Gepubliceerd op 15-03-2024

COENDERS

betekenis & definitie

een Slot in de Groninger-Ommelanden, bij Nuis, draagende den naam naar het adelijk geslacht van COENDERS. Een ander Slot van dien naam vind men in den omtrek van de Buurschap Helpen, behoorende mede aan het geslacht van COENDERS, doch van een anderen tak onderscheiden door het bijvoegzel VAN HELPEN.

Onder veele aanzienlijke mannen zijn, onder anderen, daarvan afkomstig:COENDERS VAN HELPEN, BERNARD, Heer van Fram-Huizinga, Sartingshuzen en Menkweer, geboren in het jaar zestien honderd en één. Hij was President van de Groninger-Ommelanden, en, wegens de Stad Groningen, veele jaaren, Gecommitteerde in de vergadering der Staaten Generaal. LODEWIJK DE DERTIENDE, bij wien hij zeer in achting was, schonk hem de Ridderorde van St. Michiel. Eenige jaaren daarna werd hij der Staaten Ambassadeur aan ’t Hof van Zweeden, alwaar hij, met den roem van een bekwaam Staatsman, in het jaar zestien honderd zeven-en-zeventig, overleed. Zijne verrichtingen vindt men aangetekend bij AITZEMA, in de Herstelde Leeuw.
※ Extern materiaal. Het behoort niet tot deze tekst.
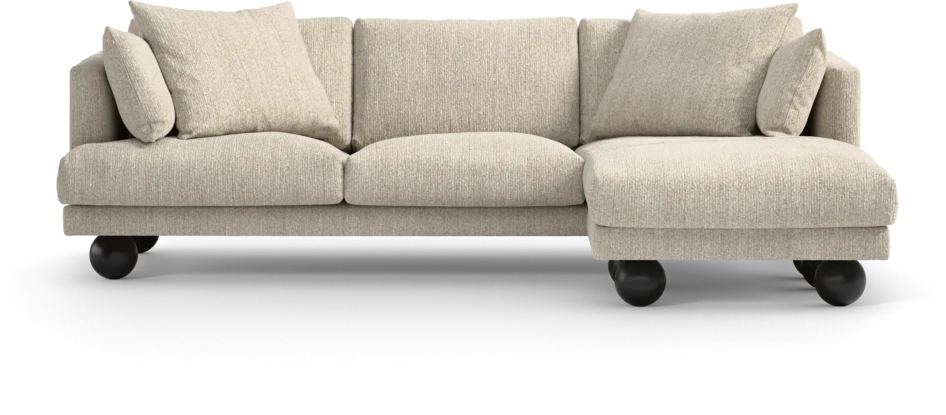 Harper - 4-sits med schäslong höger  - Beige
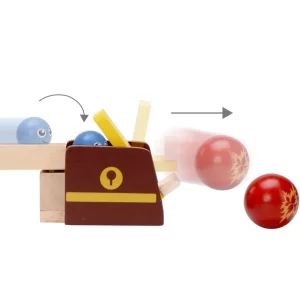 Wonderworld Circuits À Billes En Bois>Circuit à Billes en Bois - Double Course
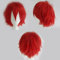 30CM Anime Cosplay Curly Hair Tail Volle Perücken Kurze Perücke Frauen Männer Perücke Wig Kostüm Party Halloween Hellbraun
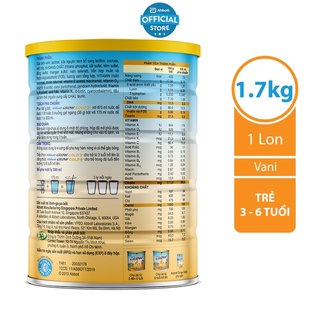 [KHÔNG MÓP] Sữa bột Abbott Grow 3+ 1700g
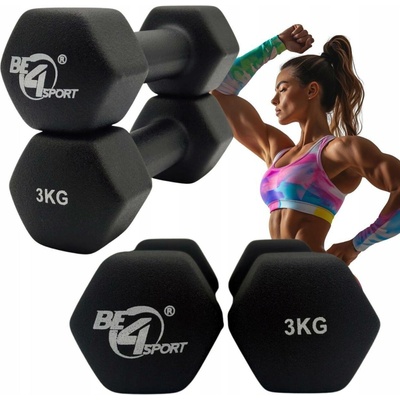 Be4Sport neoprenové činky 2 x 3 kg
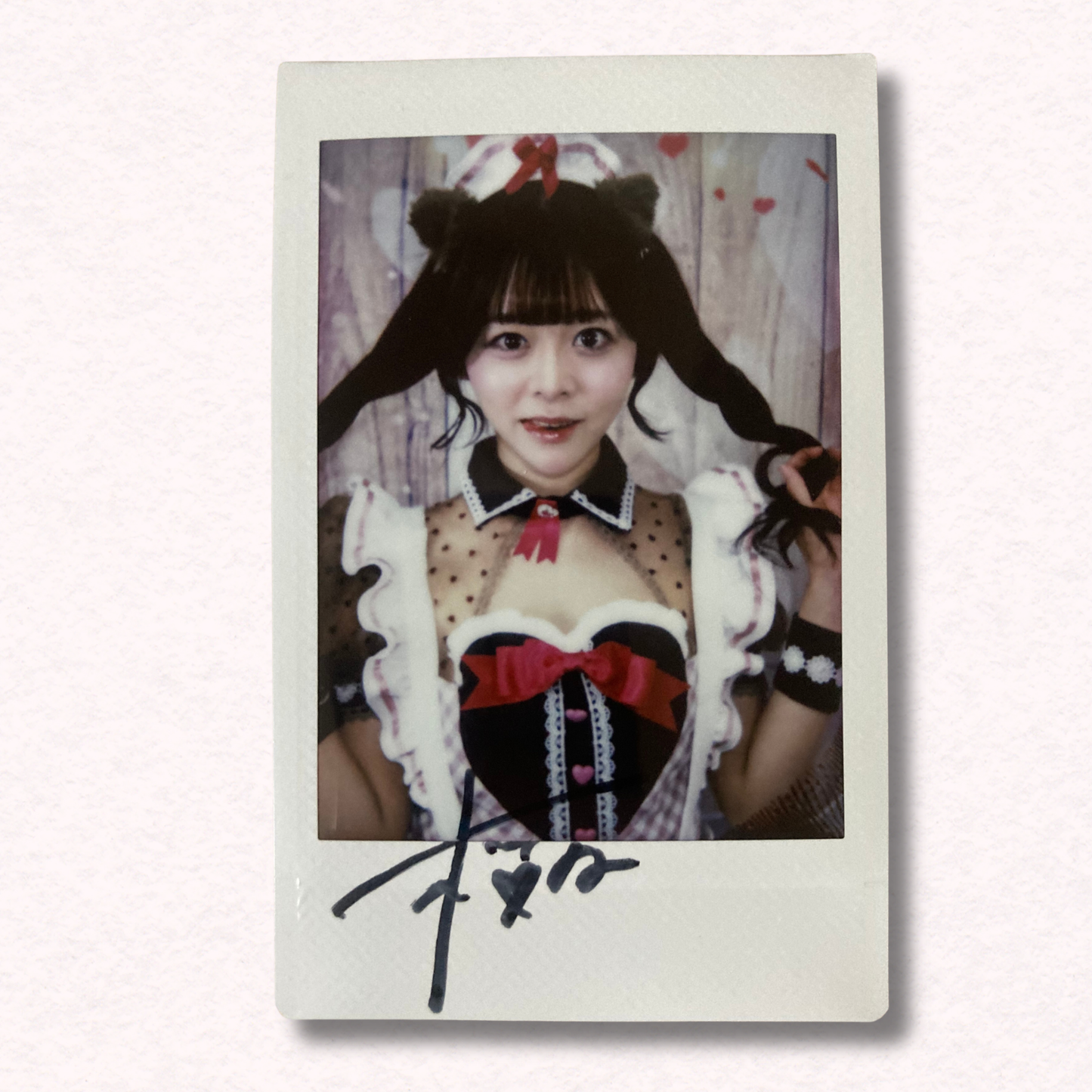 Rino Sakurano Cheki Instax Polaroid Photo Autographed Signed Authentic Japan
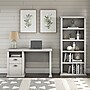 Bush Furniture Yorktown 50" Computer Desk with 5-Shelf Bookcase, Linen White Oak (YRK010LW)~#|#~AA3A20FE-7FB2-476C-993B3289B53669C0_sc7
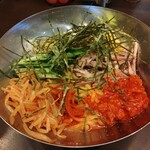来来亭 - 料理写真:冷麺+トッピング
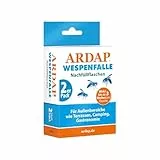 ARDAP Wespenfalle für draußen Nachfüller - Biologische Wespen Abwehr - Wespenfalle zum Aufhängen - Anti Wespen Lockstoff mit Langzeitwirkung – Mittel gegen Wespen, Wespenabwehr draußen (PT19)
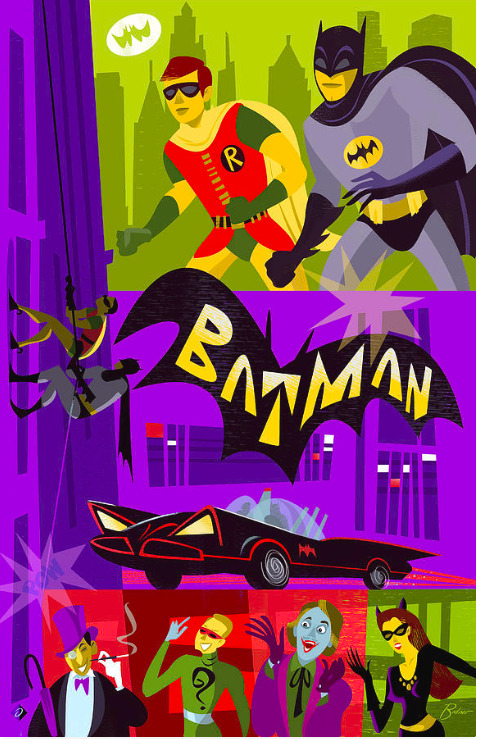 Batman Art by Alan Bodner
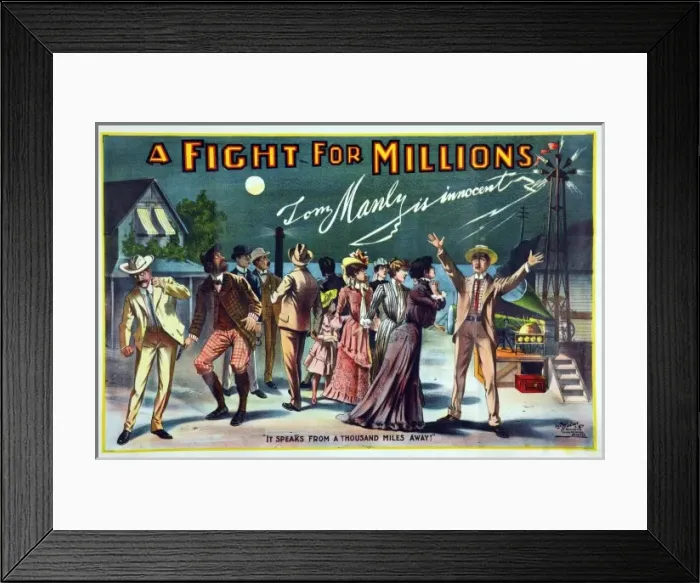 Framed Print : A fight for millions Framed Print : A fight for millions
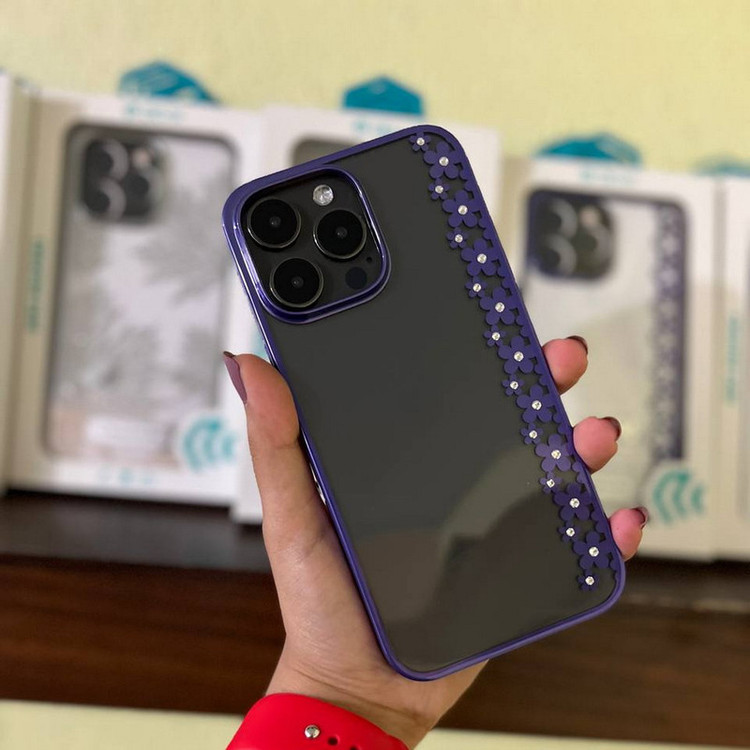 کاور دیویا مدل نگین دار طرح gol مناسب برای گوشی موبایل اپل iphone 14/13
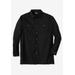 Men's Big & Tall Long-sleeve pocket sport shirt by KingSize in Black (Size 6XL)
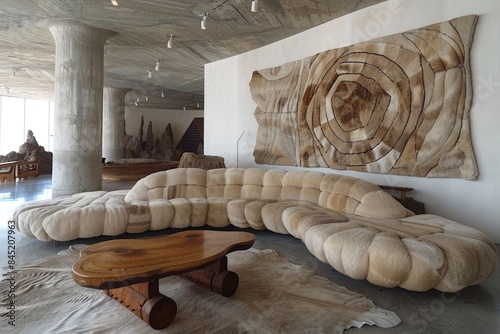 Collection of Large corner sofa with several chairs in the room designs inspiration ideas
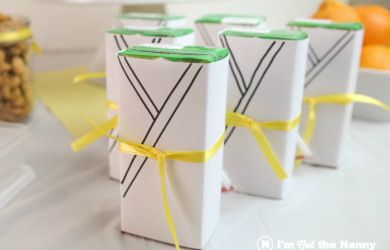 Martial Arts Uniform on Juice Boxes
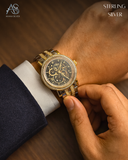 Silver Royal Skeleton Men's Watch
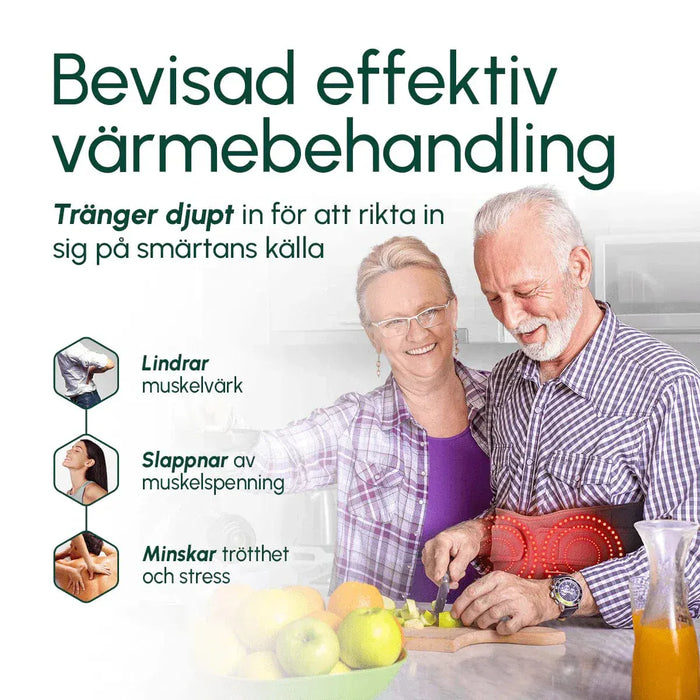 Kroppsbutiken varmebelte Standardtittel Varmebelte med rødt lys til ryggen.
COENDERS, (?) schoon niet van dat geslacht afkomstig,was van groot nut voor zijn Vaderland. Hij diende den Staat ter Zee, en bevond zig onder de Helden van zijnen tijd, welke den Engelschen, in het jaar zestien honderd zes-en-zestig, de magt der Hollanderen deeden gevoelen. In den tweeden zeeslag van dat jaar sneuvelde hij den 4den Augustus

Zie BRANDT, Historie van Enkhuizen, bl. 204.